# Your task
For the data below, retype word for word the lines from the one containing "Седани NISSAN VERSA 2014 Червоний" through the one containing "2025 Toyota 4Runner SR5 photo 25"; drop the pictures.

# Dataset excerpts

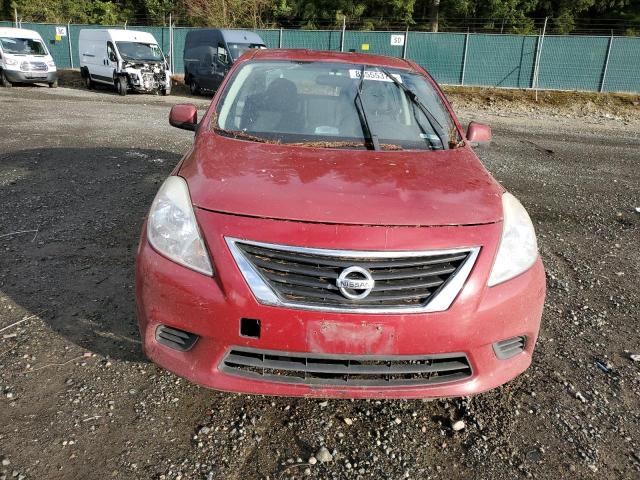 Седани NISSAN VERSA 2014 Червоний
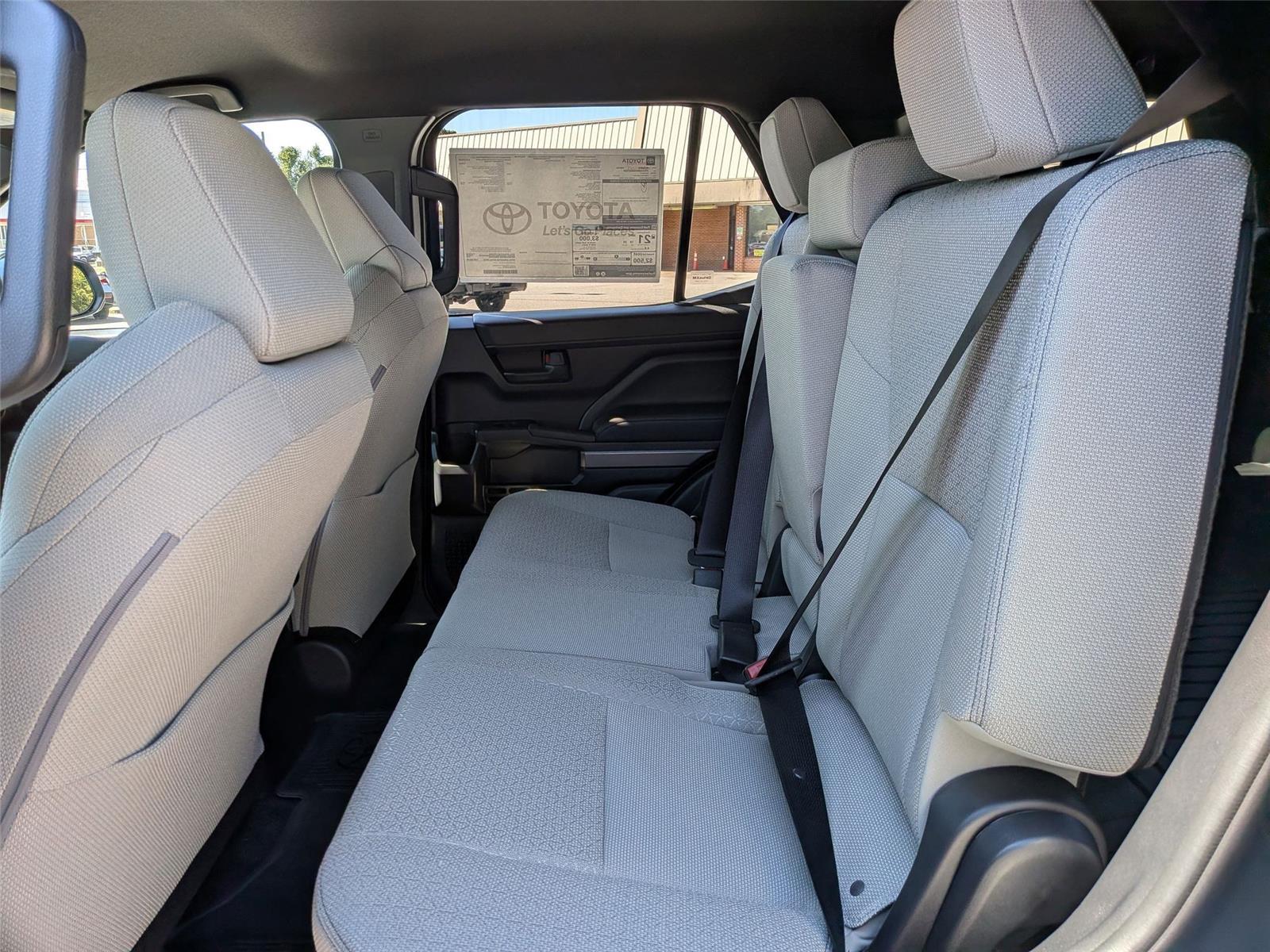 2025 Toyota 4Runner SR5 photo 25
* * *
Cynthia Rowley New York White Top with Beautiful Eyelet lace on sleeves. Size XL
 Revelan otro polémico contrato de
--
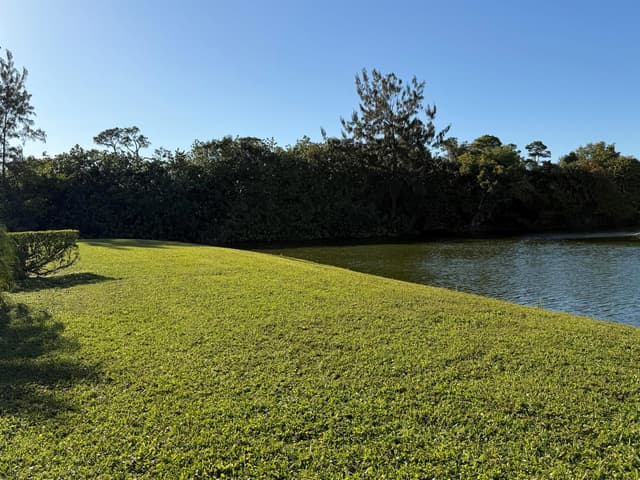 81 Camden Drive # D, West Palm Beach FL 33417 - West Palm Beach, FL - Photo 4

# Finished task
 Седани NISSAN VERSA 2014 Червоний
 2025 Toyota 4Runner SR5 photo 25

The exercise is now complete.